Data supplied →
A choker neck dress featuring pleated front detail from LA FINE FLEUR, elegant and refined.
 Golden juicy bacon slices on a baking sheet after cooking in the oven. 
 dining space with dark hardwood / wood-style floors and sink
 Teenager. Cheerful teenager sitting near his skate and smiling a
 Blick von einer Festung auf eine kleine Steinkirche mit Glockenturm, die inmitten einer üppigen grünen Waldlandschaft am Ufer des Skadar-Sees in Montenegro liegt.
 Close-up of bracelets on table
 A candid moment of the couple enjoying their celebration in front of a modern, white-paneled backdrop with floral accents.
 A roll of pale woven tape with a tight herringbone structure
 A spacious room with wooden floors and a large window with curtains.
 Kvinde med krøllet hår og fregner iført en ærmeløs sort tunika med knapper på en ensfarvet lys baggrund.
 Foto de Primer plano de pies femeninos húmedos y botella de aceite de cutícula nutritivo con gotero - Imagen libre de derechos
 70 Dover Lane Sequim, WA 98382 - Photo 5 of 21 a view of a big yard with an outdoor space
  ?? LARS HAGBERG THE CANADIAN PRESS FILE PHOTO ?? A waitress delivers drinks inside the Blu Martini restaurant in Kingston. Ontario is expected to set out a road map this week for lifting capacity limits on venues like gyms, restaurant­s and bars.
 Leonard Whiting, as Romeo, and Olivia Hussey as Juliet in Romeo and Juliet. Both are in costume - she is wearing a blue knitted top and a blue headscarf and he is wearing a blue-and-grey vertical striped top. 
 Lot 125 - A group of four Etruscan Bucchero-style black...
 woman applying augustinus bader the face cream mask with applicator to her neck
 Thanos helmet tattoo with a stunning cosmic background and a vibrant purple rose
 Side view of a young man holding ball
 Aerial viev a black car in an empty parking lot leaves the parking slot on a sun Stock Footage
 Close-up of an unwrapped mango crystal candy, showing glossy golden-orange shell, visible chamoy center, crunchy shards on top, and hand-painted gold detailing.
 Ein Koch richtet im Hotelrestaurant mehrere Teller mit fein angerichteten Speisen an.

What needs to be done →
Note each line of the material holding "space" and copy it out.

Exercise result →
 dining space with dark hardwood / wood-style floors and sink
 70 Dover Lane Sequim, WA 98382 - Photo 5 of 21 a view of a big yard with an outdoor space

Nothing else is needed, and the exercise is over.